Очень эффектно вообразить, что вдруг бы все невинно-оскорблённые миллионы стали бы повально кончать самоубийством, досаждая правительству двояко: и доказательством своей правоты и лишением даровой рабочей силы. И вдруг бы правительство размягчилось? И стало бы жалеть своих подданных?… Едва ли. Сталина бы это не остановило, он занял бы с воли ещё миллионов двадцать.

Но не было этого! Люди умирали сотнями тысяч и миллионами, доведённые уж кажется до крайней крайности, — а самоубийств почему-то не было. Обречённые на уродливое существование, на голодное истощение, на чрезмерный труд — не кончали с собой!

И, раздумавшись, я нашёл такое доказательство более сильным. Самоубийца — всегда банкрот, это всегда — человек в тупике, человек, проигравший жизнь и не имеющий воли для продолжения её. Если же эти миллионы беспомощных жалких тварей всё же не кончали с собой — значит жило в них какое-то непобедимое чувство. Какая-то сильная мысль.

Это было чувство всеобщей правоты. Это было ощущение народного испытания — подобного татарскому игу.

* * *

Но если не в чем раскаиваться — о чём, о чём всё время думает арестант? "Сума да тюрьма — дадут ума". Дадут. Только — куда его направят?

Так было у многих, не у одного меня.

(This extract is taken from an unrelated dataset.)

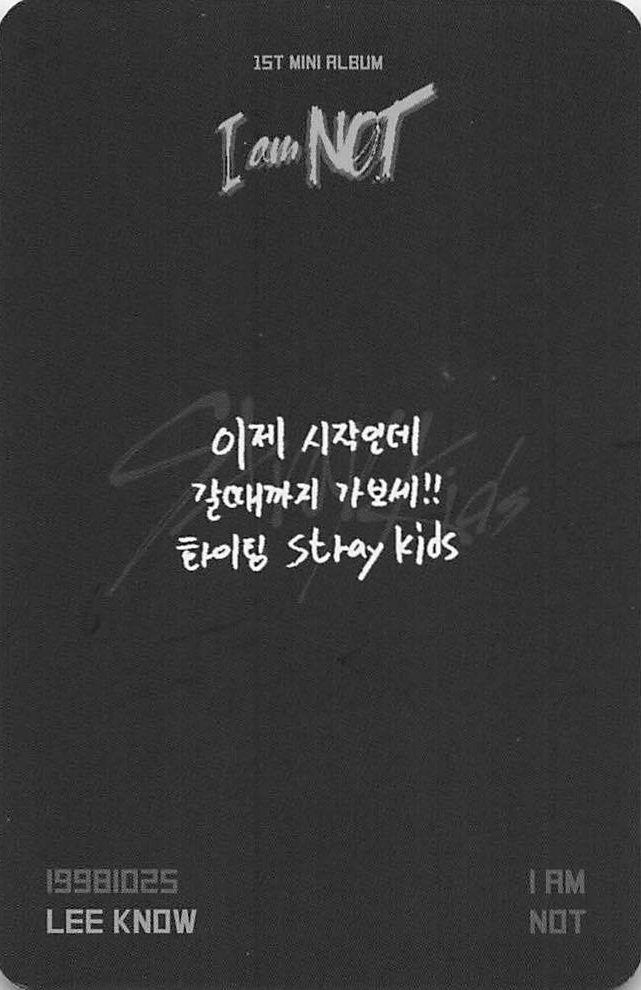 Lee Know Stray Kids photocard back side - Childhood Ver.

Наше первое тюремное небо — были чёрные клубящиеся тучи и чёрные столбы извержений, это было небо Помпеи, небо Судного дня, потому что арестован был не кто-нибудь, а Я — средоточие этого мира.

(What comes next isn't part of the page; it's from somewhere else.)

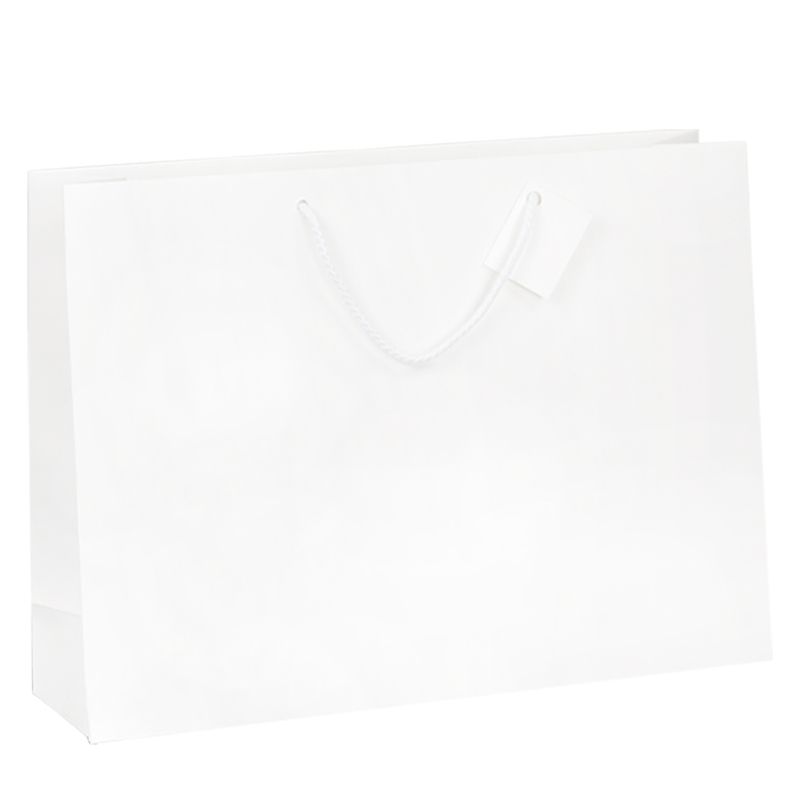 Sac boutique blanc mat Poignées cordelières 43+12x32cm x100 pcs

Наше последнее тюремное небо было бездонно-высокое, бездонно-ясное, даже к белому от голубого.

Начинаем мы все (кроме верующих) с одного: хватаемся рвать волосы с головы — да она острижена наголо!.. Как мы могли?! Как не видели наших доносчиков? Как не видели наших врагов? (И ненависть к ним! и как им отомстить?) И какая неосторожность! слепость! сколько ошибок! Как исправить? Скорей исправлять! Надо написать… надо сказать… надо передать…

Но — ничего не надо. И ничто не спасёт. В положенный срок мы подписываем 206-ю статью, в положенный — выслушиваем очный приговор трибунала или заочный — ОСО.

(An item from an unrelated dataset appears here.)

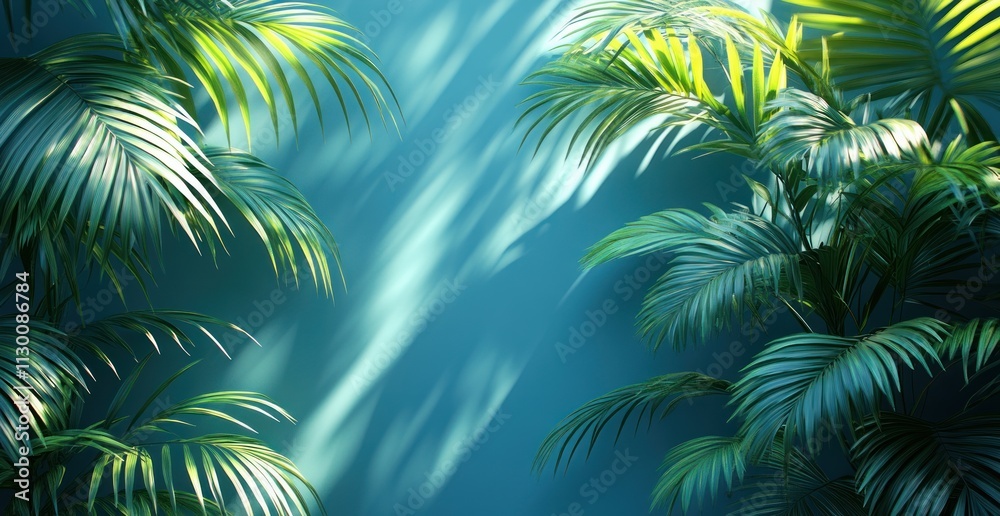 Poster serene palm leaves silhouette on light background with soft shadow and gentle natural light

Начинается полоса пересылок. Вперемежку с мыслями о будущем лагере мы любим теперь вспоминать наше прошлое: как хорошо мы жили! (Даже если плохо). Но сколько неиспользованных возможностей! Сколько неизмятых цветов!.. Когда теперь это наверстать?… Если я доживу только — о, как по-новому, как умно я буду жить! День будущего освобождения? — он лучится как восходящее солнце!

И вывод: дожить до него! дожить! любой ценой!

Это просто словесный оборот, это привычка такая: "любой ценой".